• **WHAT TO DO**
The entries below contain a stretch that opens with the line containing "10 secondes, jusqu'à ce" and closes with the line containing "introduits simultanément."; set down that stretch exactly, both ends included, and nothing else.

• **THE DATA**

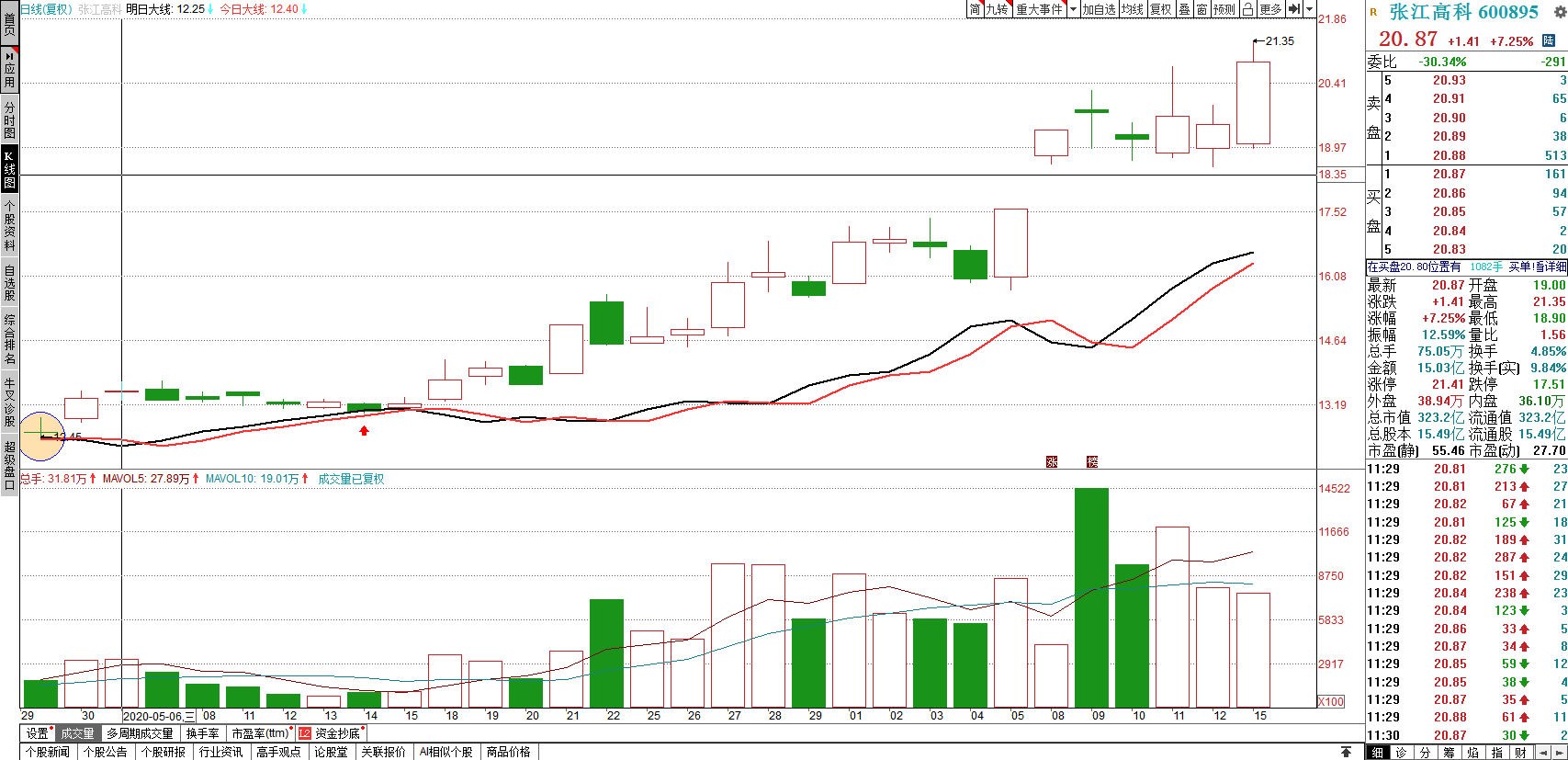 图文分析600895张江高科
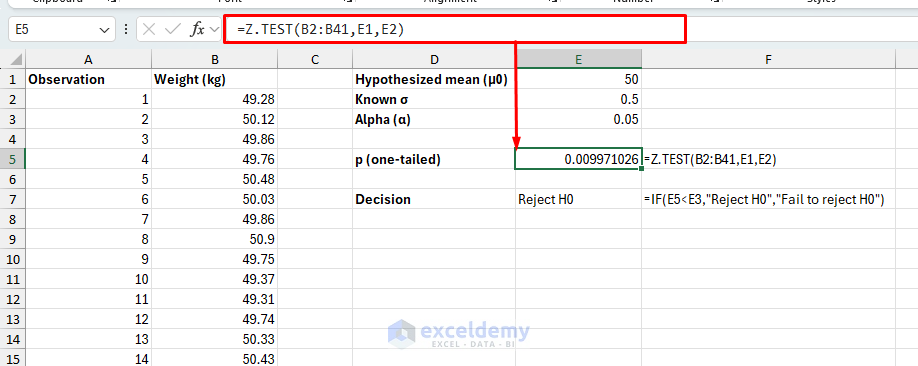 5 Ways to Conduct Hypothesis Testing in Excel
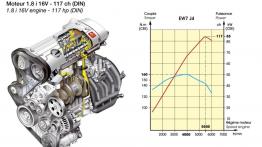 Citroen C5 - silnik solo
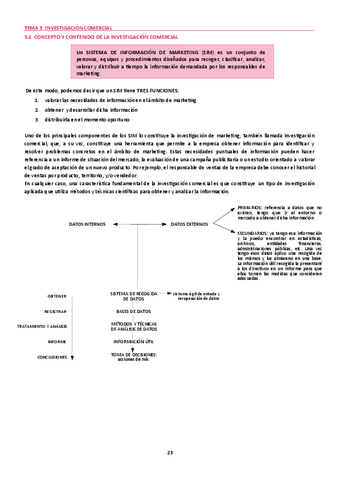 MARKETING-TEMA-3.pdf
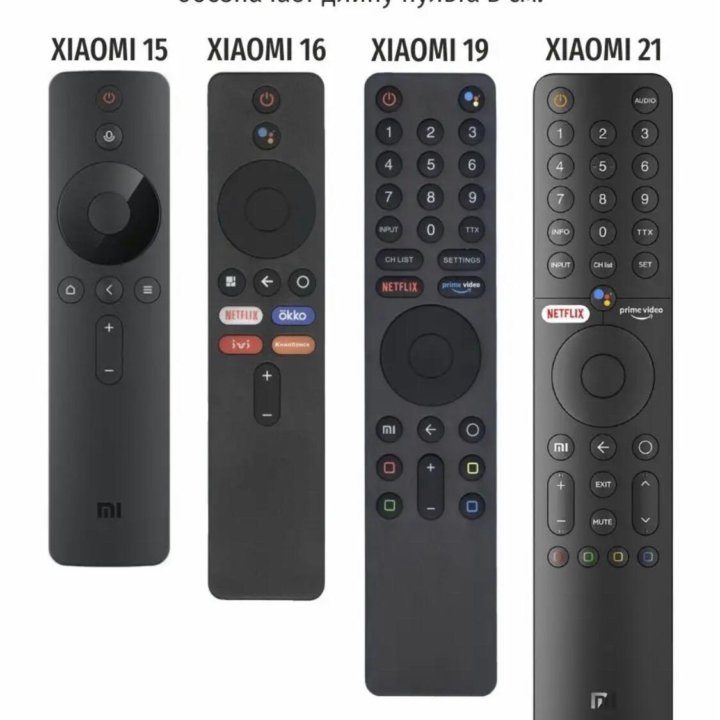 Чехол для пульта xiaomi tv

==

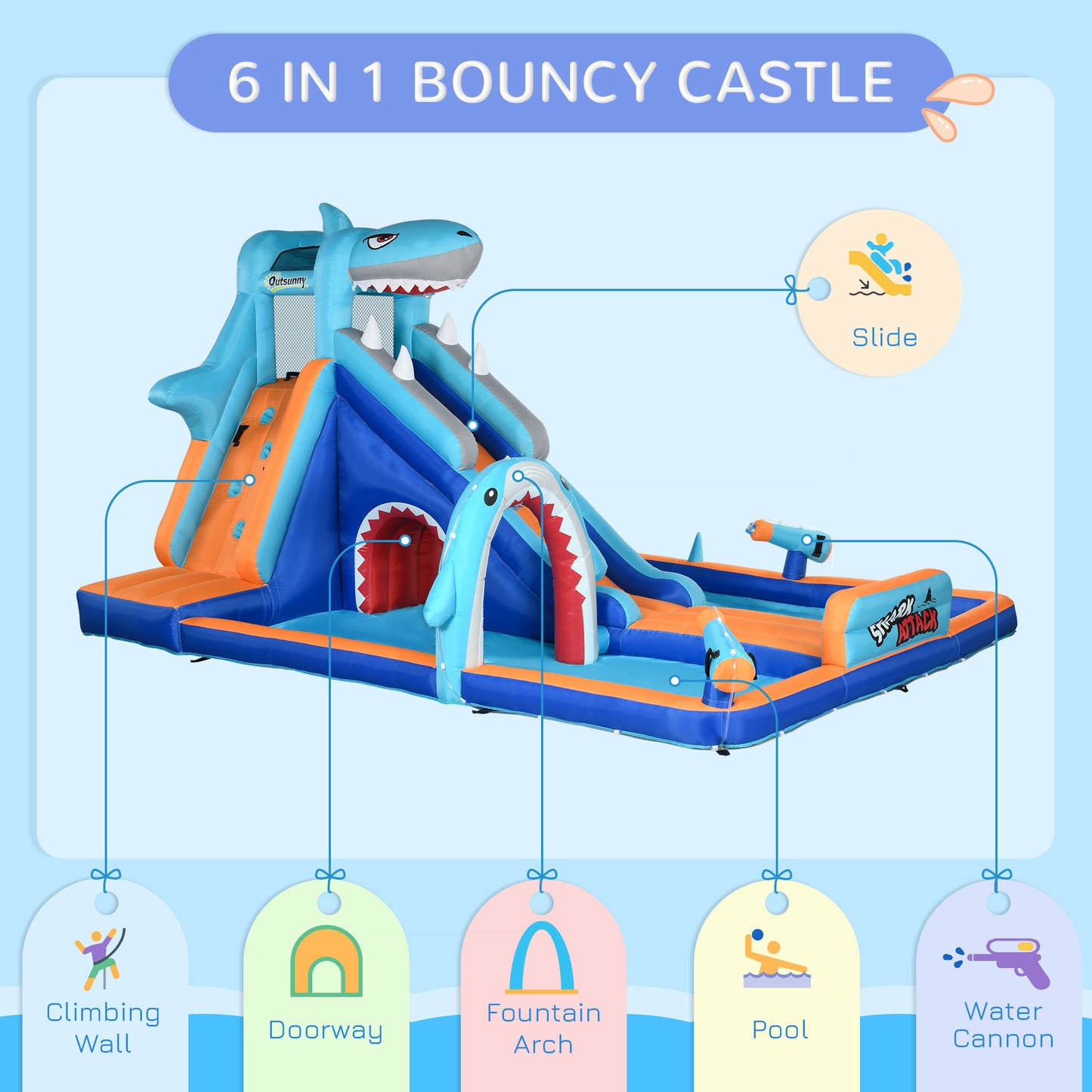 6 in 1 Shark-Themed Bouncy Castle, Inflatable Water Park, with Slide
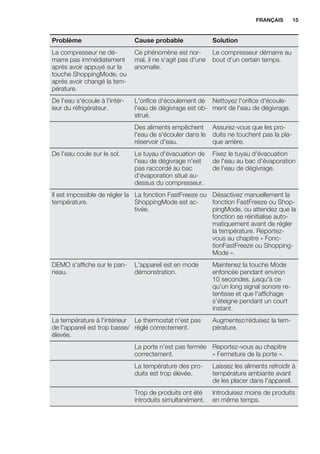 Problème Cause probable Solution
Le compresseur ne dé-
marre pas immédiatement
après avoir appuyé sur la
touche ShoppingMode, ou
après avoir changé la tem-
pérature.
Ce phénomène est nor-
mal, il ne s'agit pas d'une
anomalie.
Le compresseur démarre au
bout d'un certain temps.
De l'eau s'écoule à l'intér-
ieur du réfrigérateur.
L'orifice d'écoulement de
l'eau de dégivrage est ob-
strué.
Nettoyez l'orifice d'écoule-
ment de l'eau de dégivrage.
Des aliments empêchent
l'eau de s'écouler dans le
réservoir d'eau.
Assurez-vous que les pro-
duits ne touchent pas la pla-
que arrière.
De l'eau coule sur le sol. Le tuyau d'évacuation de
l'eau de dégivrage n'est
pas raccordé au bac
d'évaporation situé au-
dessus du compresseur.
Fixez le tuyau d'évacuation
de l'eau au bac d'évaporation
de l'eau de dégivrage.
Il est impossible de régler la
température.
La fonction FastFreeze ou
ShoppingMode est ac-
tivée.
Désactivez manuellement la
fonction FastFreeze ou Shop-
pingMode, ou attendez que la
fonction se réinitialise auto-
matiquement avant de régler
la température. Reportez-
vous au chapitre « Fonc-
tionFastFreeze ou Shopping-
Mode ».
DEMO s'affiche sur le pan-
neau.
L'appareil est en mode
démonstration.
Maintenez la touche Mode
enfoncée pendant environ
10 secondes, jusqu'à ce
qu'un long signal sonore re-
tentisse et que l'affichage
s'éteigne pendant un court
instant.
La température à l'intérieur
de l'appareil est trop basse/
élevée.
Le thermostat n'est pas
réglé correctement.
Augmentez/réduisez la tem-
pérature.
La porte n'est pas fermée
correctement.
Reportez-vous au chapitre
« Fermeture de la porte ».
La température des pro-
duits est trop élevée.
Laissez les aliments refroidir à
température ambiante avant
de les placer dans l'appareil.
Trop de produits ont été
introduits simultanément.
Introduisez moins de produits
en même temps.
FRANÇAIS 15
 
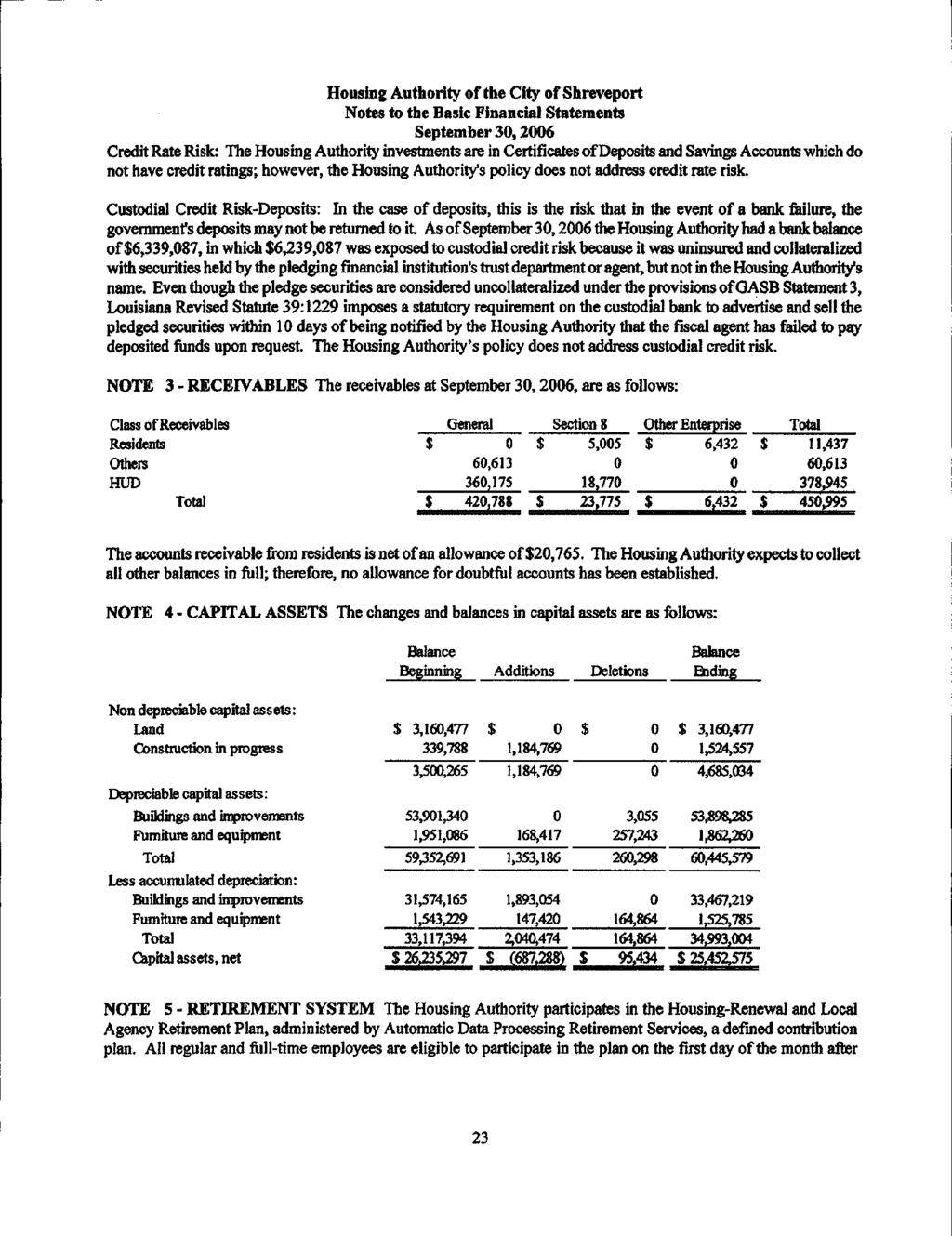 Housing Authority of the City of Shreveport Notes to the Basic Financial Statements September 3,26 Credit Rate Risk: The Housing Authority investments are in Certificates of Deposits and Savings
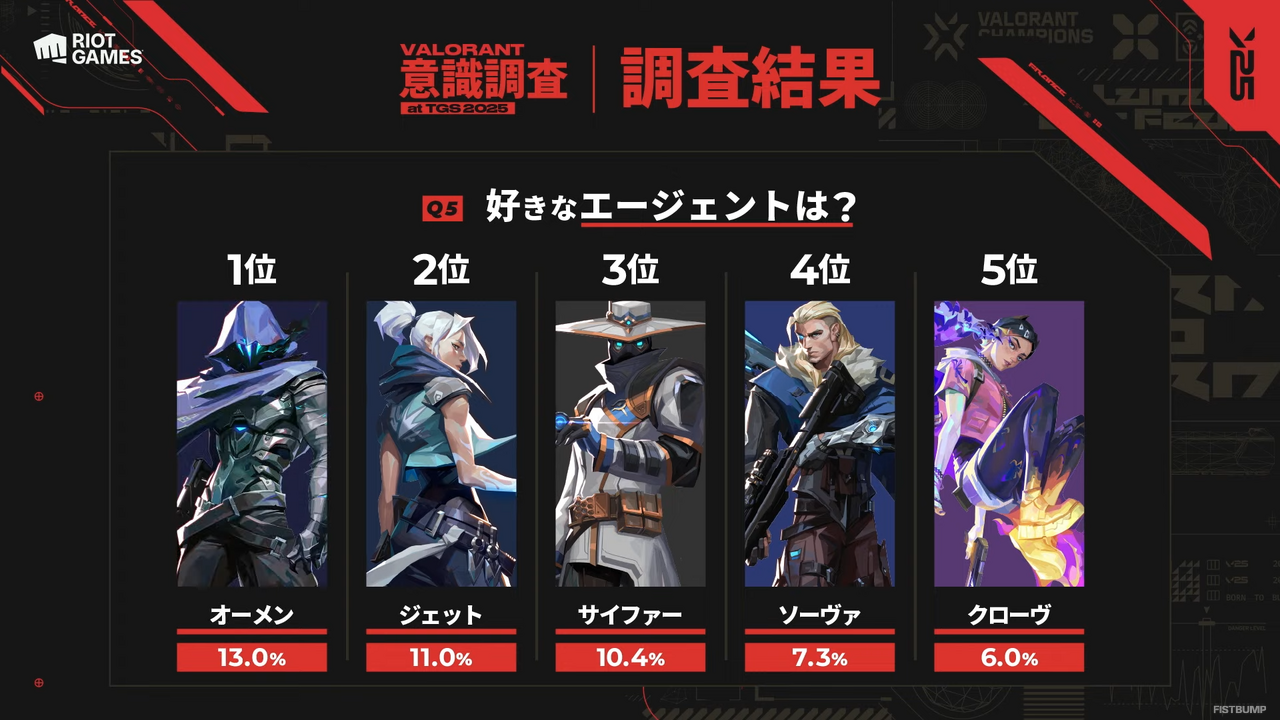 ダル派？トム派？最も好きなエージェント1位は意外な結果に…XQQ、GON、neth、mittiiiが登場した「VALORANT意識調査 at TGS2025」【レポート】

* * *

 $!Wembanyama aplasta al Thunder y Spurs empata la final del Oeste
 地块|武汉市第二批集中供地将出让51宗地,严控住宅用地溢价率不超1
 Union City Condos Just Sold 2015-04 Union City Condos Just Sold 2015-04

• **RESPONSE AREA**
10 secondes, jusqu'à ce
qu'un long signal sonore re-
tentisse et que l'affichage
s'éteigne pendant un court
instant.
La température à l'intérieur
de l'appareil est trop basse/
élevée.
Le thermostat n'est pas
réglé correctement.
Augmentez/réduisez la tem-
pérature.
La porte n'est pas fermée
correctement.
Reportez-vous au chapitre
« Fermeture de la porte ».
La température des pro-
duits est trop élevée.
Laissez les aliments refroidir à
température ambiante avant
de les placer dans l'appareil.
Trop de produits ont été
introduits simultanément.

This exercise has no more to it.